Yesterday I went back to Zomba to hike. It’s cooler up on the plateau but it was still hot. I went with the midwife who is working here with Seed, the organization I worked with before. While we were on the plateau we looked out at a huge bank of clouds coming toward us. We could see over to Mt. Mulanje engulfed in clouds and clearly raining. I even thought it looked like a tornado touching down in the distance. Aubrey, our guide, told us we should walk steadily down before the rain reached us as that would make the descent very slippery. I also didn’t want to drive down that escarpment, with it’s tight hairpin turns and steep drop off, in the rain. It’s interesting how the rain can be so welcome and so scary.
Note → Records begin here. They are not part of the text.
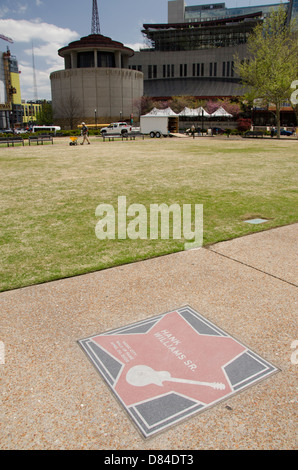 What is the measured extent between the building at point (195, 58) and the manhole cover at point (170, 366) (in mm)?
90888

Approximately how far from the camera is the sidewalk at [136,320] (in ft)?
7.59

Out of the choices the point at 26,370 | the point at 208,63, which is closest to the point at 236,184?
the point at 26,370

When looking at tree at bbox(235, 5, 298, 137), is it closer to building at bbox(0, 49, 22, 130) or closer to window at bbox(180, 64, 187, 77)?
window at bbox(180, 64, 187, 77)

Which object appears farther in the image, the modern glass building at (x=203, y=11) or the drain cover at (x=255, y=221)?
the modern glass building at (x=203, y=11)

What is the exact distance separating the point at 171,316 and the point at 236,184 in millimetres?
8279

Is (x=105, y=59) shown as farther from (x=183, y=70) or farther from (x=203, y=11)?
(x=203, y=11)

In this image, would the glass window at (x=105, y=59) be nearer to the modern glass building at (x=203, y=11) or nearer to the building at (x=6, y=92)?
the building at (x=6, y=92)

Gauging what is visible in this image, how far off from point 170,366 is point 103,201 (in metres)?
6.48

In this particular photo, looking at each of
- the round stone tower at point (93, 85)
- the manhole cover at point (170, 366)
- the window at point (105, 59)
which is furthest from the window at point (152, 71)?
the manhole cover at point (170, 366)

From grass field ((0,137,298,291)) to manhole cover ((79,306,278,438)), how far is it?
174 centimetres

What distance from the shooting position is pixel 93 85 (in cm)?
8425

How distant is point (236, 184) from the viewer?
1121 centimetres

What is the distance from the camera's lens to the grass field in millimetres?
5312

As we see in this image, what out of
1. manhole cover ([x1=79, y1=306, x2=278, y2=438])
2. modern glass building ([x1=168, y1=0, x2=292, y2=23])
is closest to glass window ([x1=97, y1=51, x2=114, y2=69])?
modern glass building ([x1=168, y1=0, x2=292, y2=23]) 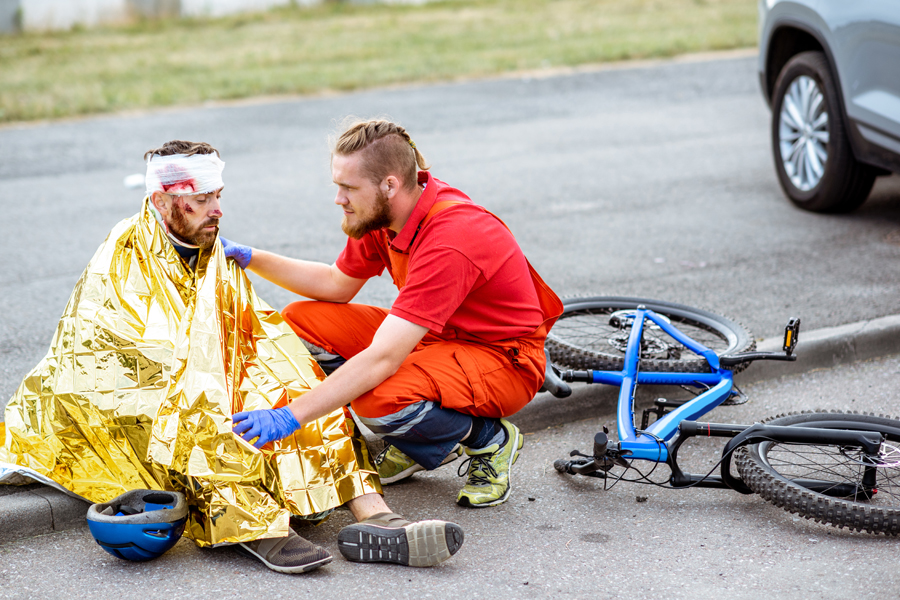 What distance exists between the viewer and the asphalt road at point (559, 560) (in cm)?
305

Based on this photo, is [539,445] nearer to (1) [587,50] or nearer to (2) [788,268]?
(2) [788,268]

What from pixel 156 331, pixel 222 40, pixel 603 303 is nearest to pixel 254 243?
pixel 603 303

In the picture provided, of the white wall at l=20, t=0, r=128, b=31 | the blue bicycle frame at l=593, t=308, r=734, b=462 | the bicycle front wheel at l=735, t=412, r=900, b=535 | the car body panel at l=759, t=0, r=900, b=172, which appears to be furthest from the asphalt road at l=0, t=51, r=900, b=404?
the white wall at l=20, t=0, r=128, b=31

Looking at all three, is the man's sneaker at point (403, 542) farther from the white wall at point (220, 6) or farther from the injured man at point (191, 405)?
the white wall at point (220, 6)

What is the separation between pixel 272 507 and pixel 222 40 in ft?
53.3

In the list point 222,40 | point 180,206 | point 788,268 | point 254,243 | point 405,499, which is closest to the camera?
point 180,206

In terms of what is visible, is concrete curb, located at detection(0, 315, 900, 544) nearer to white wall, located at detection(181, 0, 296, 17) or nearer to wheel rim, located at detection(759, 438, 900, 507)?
wheel rim, located at detection(759, 438, 900, 507)

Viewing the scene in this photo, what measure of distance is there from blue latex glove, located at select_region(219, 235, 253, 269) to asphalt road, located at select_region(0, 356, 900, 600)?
1045mm

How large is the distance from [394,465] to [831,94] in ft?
15.1

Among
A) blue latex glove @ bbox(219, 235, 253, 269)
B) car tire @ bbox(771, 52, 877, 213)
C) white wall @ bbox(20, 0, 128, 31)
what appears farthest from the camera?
white wall @ bbox(20, 0, 128, 31)

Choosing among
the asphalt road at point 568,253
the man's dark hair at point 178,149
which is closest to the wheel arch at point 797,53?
the asphalt road at point 568,253

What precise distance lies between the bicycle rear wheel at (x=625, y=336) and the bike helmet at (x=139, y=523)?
1.92 metres

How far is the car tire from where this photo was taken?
6785 mm

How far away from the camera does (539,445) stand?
417 cm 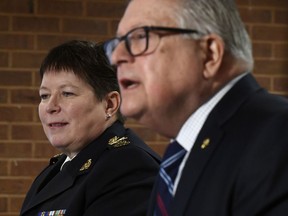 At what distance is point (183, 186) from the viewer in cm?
141

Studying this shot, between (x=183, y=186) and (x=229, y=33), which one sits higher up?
(x=229, y=33)

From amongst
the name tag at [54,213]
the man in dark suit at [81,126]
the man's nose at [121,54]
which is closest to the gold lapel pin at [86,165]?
the man in dark suit at [81,126]

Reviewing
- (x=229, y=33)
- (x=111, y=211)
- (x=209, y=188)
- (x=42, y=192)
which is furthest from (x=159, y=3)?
Result: (x=42, y=192)

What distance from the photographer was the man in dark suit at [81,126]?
2.32 meters

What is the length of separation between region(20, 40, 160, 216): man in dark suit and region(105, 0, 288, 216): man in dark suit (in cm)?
81

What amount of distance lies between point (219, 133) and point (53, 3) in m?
2.67

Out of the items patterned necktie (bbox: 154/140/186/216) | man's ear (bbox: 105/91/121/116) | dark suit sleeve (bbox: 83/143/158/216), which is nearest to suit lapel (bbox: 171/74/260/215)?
patterned necktie (bbox: 154/140/186/216)

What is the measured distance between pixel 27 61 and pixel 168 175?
2474 mm

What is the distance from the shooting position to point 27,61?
390cm

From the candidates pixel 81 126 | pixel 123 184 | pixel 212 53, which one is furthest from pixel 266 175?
pixel 81 126

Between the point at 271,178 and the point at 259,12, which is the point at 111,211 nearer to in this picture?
the point at 271,178

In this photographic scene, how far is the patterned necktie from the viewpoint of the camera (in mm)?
1539

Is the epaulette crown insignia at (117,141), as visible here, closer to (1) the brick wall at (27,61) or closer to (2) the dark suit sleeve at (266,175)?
(2) the dark suit sleeve at (266,175)

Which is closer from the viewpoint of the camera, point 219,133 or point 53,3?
point 219,133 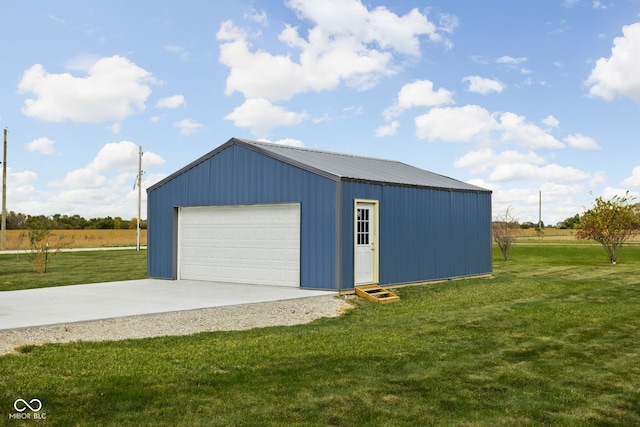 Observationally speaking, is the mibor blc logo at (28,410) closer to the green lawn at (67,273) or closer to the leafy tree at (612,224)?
the green lawn at (67,273)

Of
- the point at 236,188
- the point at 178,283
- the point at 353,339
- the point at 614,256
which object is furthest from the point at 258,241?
the point at 614,256

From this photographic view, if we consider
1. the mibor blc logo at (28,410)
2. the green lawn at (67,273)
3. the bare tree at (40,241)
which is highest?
the bare tree at (40,241)

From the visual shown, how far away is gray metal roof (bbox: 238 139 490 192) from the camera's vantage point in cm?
1456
We rushed the final half hour back to the car, bought some raspberries and blackberries from locals, and headed down the steep road reaching the town before the rain started. It didn’t take long to drive out of it and the trip back to Blantyre was easy. I could see the rain had passed through and the air was more clear. It’s such a relief. I arrived home to learn a cousin of mine has died of Covid. He was the best of men, devoted to his wife and family, and kindness personified. It’s hard to be far away at times like this, wanting to be together with family to grieve. And then I think of all of those separated in Gaza or Ukraine–– all our neighbors and all hungry and grieving. 

This morning I walked the three miles to church and on the way back the clouds started gathering again, so hopefully we are getting back into a normal pattern for this season. When I got home my landlord said he was worried about me since my car was there, knowing I usually go to church. I told him I’d walked. He shook his head and said, “I don’t know whether I should admire you or be afraid of you.” I laughed.